Problem requirements
Please give again, word for word, the lines that lie between the start of the listing below and the line with "1991 US Mint", both included.

Extracted material
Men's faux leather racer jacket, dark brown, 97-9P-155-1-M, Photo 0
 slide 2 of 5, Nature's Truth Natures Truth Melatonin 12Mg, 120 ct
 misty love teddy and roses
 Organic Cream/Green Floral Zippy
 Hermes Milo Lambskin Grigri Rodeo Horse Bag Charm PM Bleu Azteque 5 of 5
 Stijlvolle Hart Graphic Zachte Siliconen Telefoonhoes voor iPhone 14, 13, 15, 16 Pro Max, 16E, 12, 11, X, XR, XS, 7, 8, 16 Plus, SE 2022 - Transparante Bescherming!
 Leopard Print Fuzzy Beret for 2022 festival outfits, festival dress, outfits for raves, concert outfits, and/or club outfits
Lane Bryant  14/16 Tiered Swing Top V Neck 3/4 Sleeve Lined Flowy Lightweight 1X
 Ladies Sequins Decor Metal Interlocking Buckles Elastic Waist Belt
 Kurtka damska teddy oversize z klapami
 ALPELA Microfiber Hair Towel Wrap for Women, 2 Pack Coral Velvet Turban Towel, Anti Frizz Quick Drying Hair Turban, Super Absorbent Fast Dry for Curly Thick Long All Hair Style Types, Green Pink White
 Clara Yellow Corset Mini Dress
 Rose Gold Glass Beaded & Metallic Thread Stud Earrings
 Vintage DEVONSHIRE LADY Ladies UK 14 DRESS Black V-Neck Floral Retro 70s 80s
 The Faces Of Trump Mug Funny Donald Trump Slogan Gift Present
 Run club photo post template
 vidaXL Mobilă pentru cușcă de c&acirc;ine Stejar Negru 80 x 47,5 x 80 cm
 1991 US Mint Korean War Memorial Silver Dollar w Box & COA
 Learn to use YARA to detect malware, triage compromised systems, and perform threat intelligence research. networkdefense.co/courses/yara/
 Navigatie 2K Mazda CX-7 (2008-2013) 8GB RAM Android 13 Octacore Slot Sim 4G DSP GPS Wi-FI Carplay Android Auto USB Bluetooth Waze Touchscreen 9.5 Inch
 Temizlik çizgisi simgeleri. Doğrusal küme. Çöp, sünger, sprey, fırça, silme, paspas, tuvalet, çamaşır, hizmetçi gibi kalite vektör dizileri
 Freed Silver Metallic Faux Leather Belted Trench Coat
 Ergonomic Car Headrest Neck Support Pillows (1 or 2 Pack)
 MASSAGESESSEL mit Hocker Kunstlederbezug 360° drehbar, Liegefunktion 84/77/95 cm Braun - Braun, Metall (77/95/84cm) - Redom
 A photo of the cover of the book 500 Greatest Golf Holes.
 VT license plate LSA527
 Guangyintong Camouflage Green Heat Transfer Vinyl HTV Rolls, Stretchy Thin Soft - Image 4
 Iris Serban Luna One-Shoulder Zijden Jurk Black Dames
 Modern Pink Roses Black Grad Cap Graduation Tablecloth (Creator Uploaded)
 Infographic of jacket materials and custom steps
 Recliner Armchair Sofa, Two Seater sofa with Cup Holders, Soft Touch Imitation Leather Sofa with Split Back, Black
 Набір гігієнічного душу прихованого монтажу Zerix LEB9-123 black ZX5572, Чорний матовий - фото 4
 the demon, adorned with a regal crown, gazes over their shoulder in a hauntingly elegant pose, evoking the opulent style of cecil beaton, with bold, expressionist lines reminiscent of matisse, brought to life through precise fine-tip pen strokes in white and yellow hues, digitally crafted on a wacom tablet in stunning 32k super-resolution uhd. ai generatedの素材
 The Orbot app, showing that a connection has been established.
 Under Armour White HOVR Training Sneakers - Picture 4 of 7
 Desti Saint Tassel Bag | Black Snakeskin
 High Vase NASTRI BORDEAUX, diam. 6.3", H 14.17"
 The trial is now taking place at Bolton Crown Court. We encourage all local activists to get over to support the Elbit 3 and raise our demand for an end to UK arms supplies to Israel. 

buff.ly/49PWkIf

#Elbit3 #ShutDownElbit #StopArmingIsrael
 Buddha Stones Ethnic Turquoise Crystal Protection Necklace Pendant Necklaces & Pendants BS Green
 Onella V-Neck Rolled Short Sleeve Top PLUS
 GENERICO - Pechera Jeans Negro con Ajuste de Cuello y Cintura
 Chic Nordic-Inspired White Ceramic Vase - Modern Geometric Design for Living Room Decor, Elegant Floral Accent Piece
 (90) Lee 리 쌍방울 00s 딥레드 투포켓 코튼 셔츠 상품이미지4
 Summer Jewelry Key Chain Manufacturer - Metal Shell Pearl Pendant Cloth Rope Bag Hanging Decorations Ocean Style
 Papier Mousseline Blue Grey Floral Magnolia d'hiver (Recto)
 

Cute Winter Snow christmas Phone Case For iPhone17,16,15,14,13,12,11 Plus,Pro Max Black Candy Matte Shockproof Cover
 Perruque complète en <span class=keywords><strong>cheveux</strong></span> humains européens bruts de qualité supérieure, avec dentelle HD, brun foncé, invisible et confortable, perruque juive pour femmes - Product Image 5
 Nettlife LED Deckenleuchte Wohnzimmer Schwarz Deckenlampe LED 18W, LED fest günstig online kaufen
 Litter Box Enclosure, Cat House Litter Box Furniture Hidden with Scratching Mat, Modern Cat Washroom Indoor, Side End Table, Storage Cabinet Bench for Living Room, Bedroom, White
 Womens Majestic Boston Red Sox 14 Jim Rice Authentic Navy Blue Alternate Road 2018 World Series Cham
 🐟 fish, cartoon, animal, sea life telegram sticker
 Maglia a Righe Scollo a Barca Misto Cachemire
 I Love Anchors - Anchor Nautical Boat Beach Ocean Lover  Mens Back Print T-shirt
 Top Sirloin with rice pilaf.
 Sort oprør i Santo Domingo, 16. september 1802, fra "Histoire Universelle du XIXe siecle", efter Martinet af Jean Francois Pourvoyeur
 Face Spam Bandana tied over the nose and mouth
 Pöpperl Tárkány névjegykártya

Reply to the task
Men's faux leather racer jacket, dark brown, 97-9P-155-1-M, Photo 0
 slide 2 of 5, Nature's Truth Natures Truth Melatonin 12Mg, 120 ct
 misty love teddy and roses
 Organic Cream/Green Floral Zippy
 Hermes Milo Lambskin Grigri Rodeo Horse Bag Charm PM Bleu Azteque 5 of 5
 Stijlvolle Hart Graphic Zachte Siliconen Telefoonhoes voor iPhone 14, 13, 15, 16 Pro Max, 16E, 12, 11, X, XR, XS, 7, 8, 16 Plus, SE 2022 - Transparante Bescherming!
 Leopard Print Fuzzy Beret for 2022 festival outfits, festival dress, outfits for raves, concert outfits, and/or club outfits
Lane Bryant  14/16 Tiered Swing Top V Neck 3/4 Sleeve Lined Flowy Lightweight 1X
 Ladies Sequins Decor Metal Interlocking Buckles Elastic Waist Belt
 Kurtka damska teddy oversize z klapami
 ALPELA Microfiber Hair Towel Wrap for Women, 2 Pack Coral Velvet Turban Towel, Anti Frizz Quick Drying Hair Turban, Super Absorbent Fast Dry for Curly Thick Long All Hair Style Types, Green Pink White
 Clara Yellow Corset Mini Dress
 Rose Gold Glass Beaded & Metallic Thread Stud Earrings
 Vintage DEVONSHIRE LADY Ladies UK 14 DRESS Black V-Neck Floral Retro 70s 80s
 The Faces Of Trump Mug Funny Donald Trump Slogan Gift Present
 Run club photo post template
 vidaXL Mobilă pentru cușcă de c&acirc;ine Stejar Negru 80 x 47,5 x 80 cm
 1991 US Mint Korean War Memorial Silver Dollar w Box & COA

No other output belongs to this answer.